Professor Pierre Sauvé
Pierre Sauvé is a faculty member and Senior Research Fellow (non-resident) at the World Trade Institute (WTI), in Berne, Switzerland, where he teaches in the WTI’s MILE programme and directs a four-year Swiss National Foundation research project on the evolving international regulatory framework in service industries (2005-9).
He is a Visiting Fellow and Research Associate in the International Trade Policy Unit at the London School of Economics and Political Science (LSE), in London, U.K., and also holds a Visiting Professor appointment in the International Relations Department at the College of Europe, in Bruges, Belgium. Since 1999, he has taught in the Academy of International Law’s annual Summer Academy on the Law and Economics of the WTO, held in Macau.
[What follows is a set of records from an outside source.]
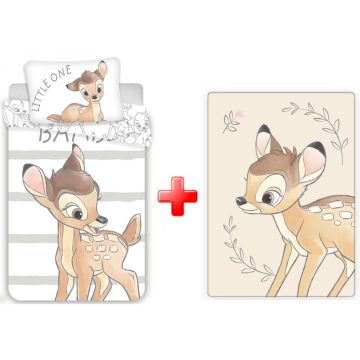   Disney Bambi Little One gyerek, ovis ágyneműhuzat és polár takaró szett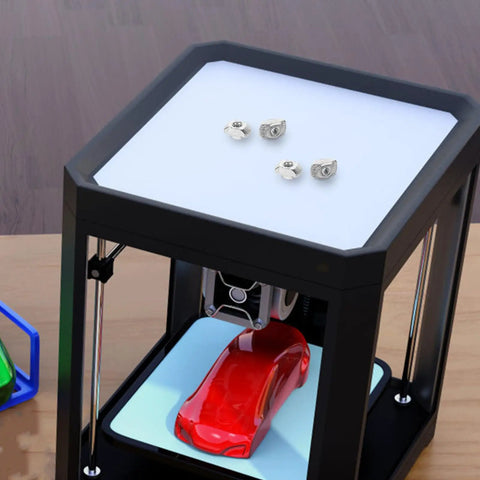 Get Your 3D Printer Building On Point With This Solid M3 Sliding T Slt Nut Kit, showing carbon steel fasteners on a 3D printer.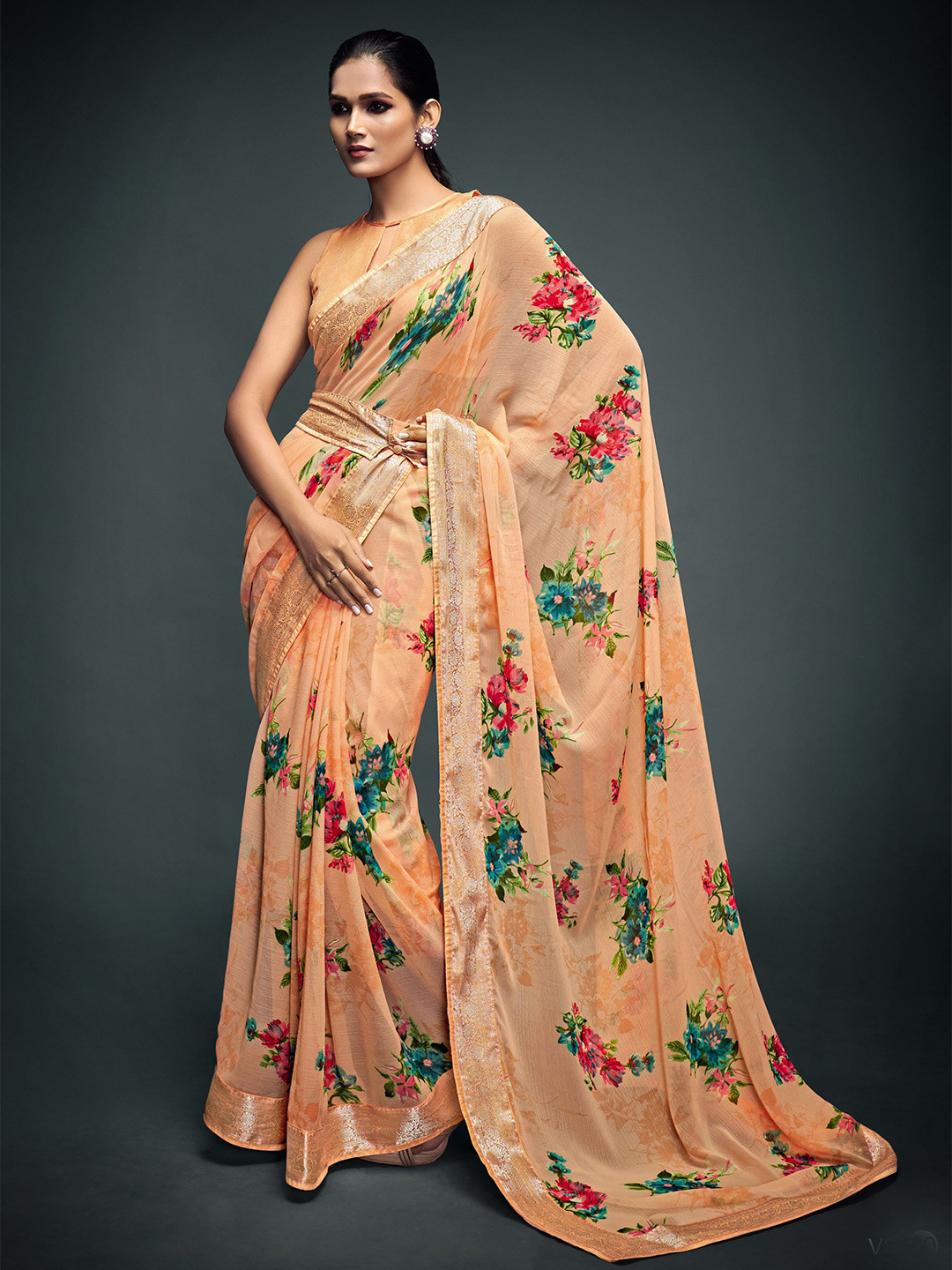 

all about you Peach-Coloured & Red Floral Printed Zari Pure Georgette Saree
He is a Fellow of the European Centre for International Political Economy (ECIPE), in Brussels, Belgium, since its launch in October 2006. He was a Visiting Professor at the Institut d’Etudes Politiques (Sciences-Po), in Paris, France, in 2003–04 and has worked as a Paris-based consultant for the World Bank since January 2003. From 1998–2000, he taught at Harvard University’s John F. Kennedy School of Government, in Cambridge, Massachusetts, during which period he was also appointed Non-Resident Senior Fellow at the Brookings Institution, in Washington, D.C. He served as Canada’s services negotiator in the North American Free Trade Agreement and was a staff member at the Bank for International Settlements, the General Agreement on tariffs and Trade and the OECD Trade Directorate.
Professor Sauvé’s research interests focus on the evolution of rule-making for services trade and investment, labour mobility and the impact that regional integration agreements exert on the design and operation of the multilateral trading system.